What to work on
Only the lines below between the one holding "Die alte Straßenbahn" and the one holding "Scenic view of valle de la luna", inclusive, are to be reproduced word for word; the pictures are to be left out.

Data listing
┏━━

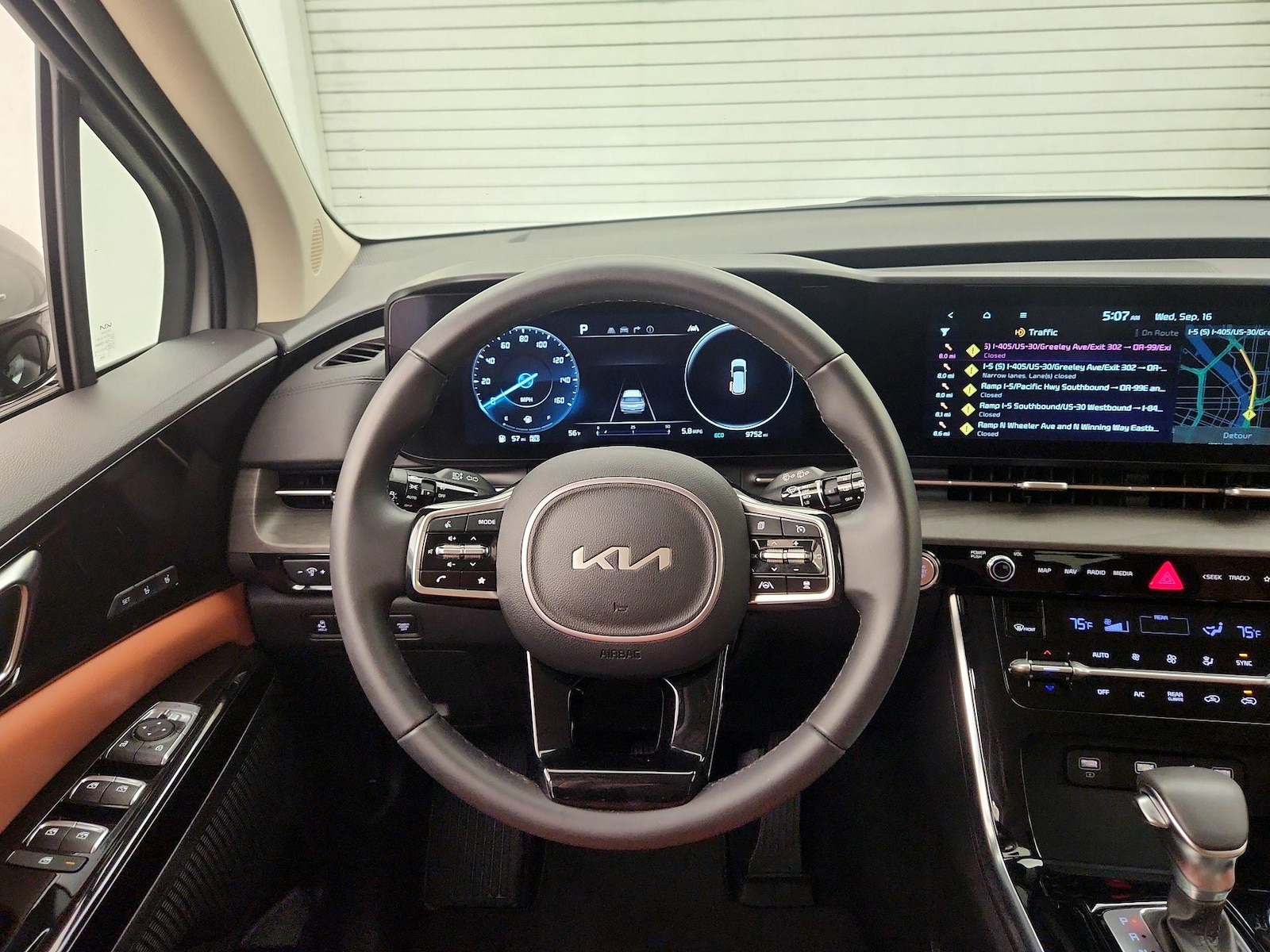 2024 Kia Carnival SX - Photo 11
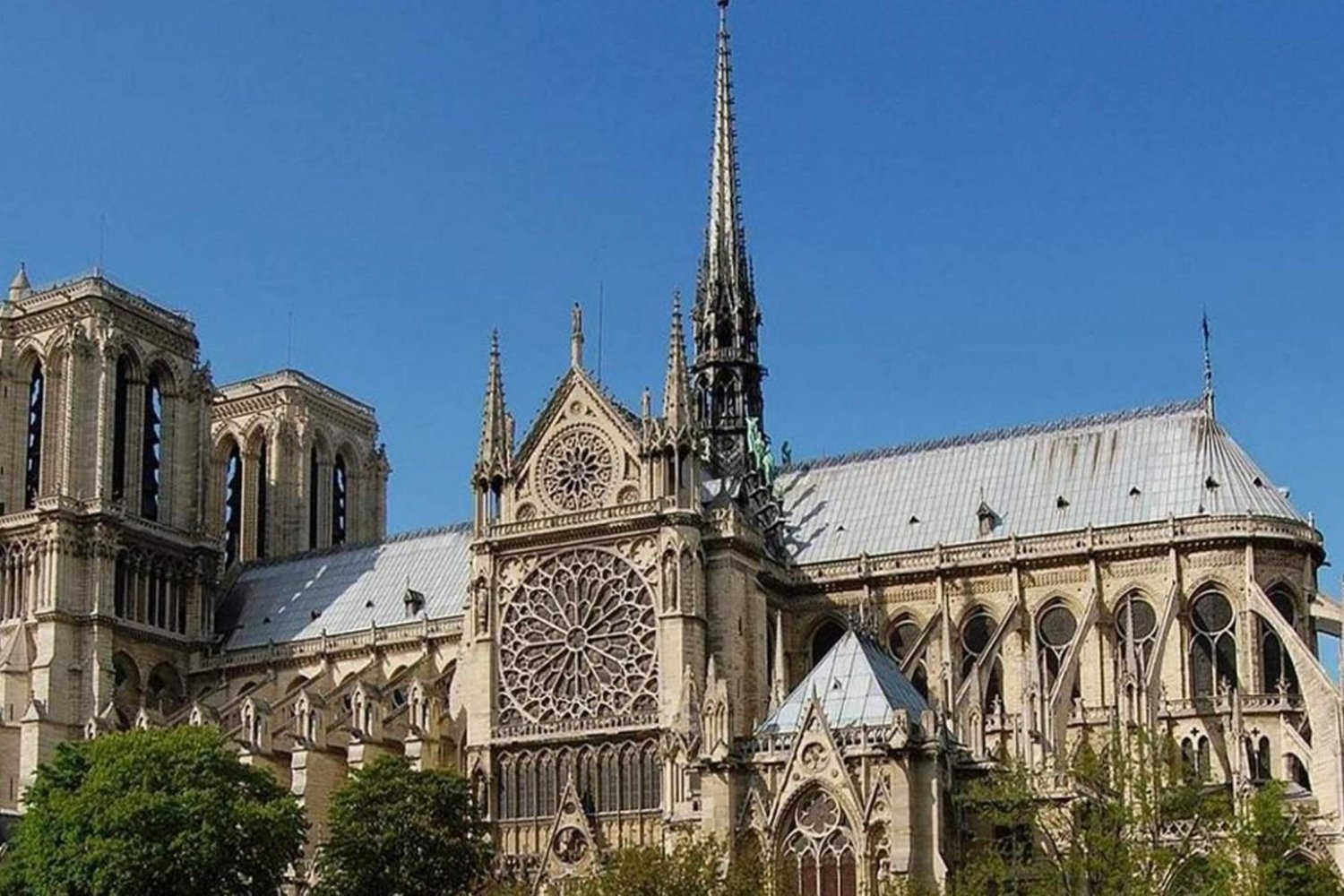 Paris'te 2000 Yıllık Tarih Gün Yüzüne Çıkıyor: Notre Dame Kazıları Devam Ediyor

┗━━
┏━━

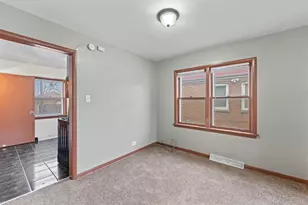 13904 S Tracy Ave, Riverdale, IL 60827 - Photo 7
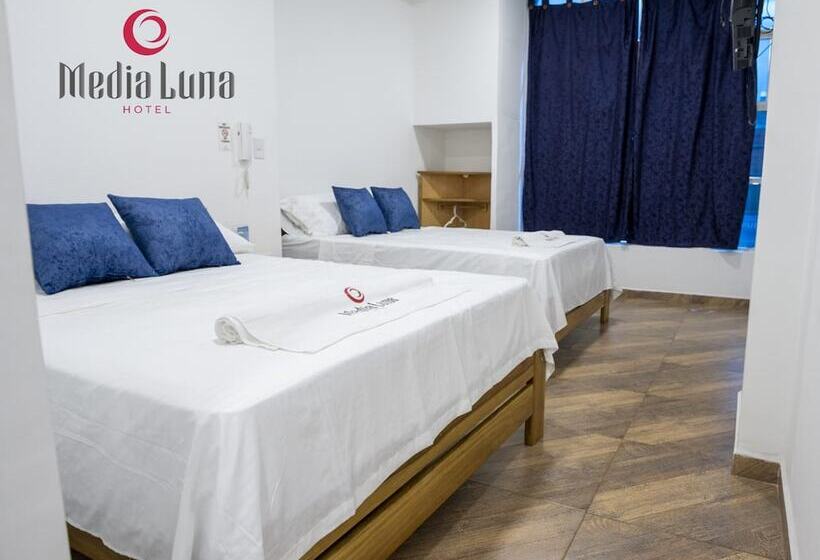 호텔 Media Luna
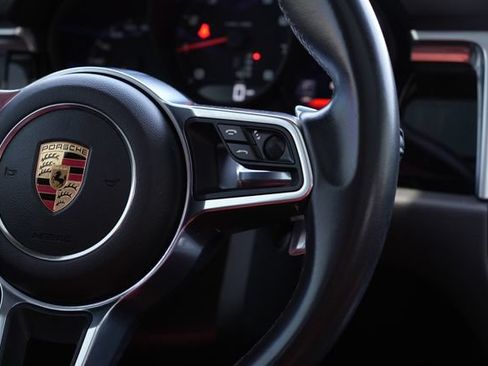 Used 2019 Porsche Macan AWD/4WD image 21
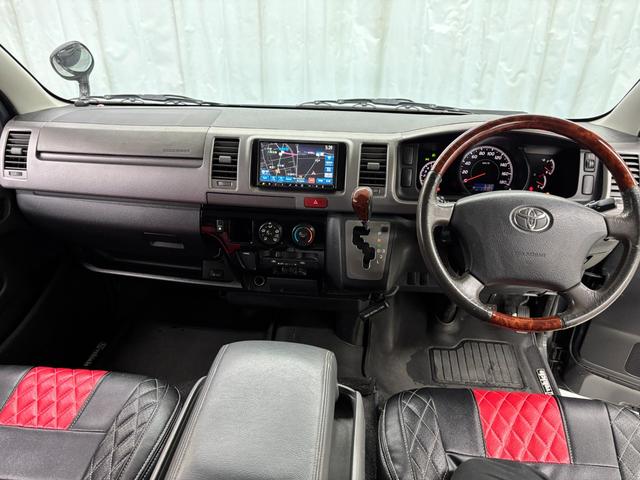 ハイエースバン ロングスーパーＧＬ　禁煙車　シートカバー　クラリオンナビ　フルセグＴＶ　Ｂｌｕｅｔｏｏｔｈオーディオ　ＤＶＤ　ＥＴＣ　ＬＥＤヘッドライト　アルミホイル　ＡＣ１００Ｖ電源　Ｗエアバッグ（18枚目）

┗━━
┏━━

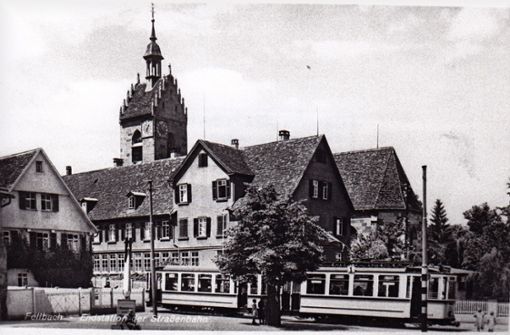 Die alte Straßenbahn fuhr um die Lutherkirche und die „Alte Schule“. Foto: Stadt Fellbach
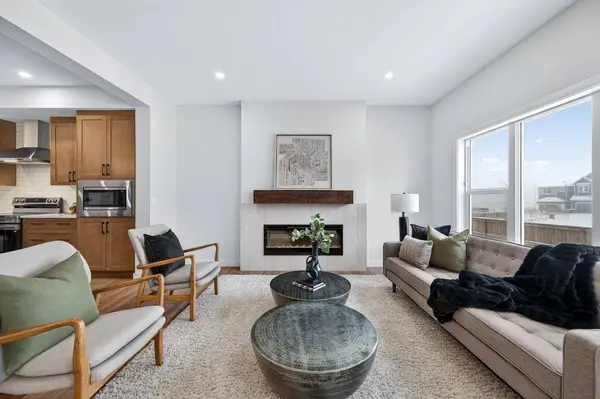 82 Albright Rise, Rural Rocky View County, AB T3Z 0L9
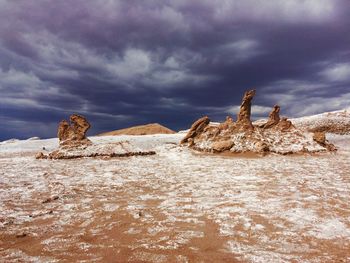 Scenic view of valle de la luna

┗━━

Answer to the exercise
 Die alte Straßenbahn fuhr um die Lutherkirche und die „Alte Schule“. Foto: Stadt Fellbach
 82 Albright Rise, Rural Rocky View County, AB T3Z 0L9
 Scenic view of valle de la luna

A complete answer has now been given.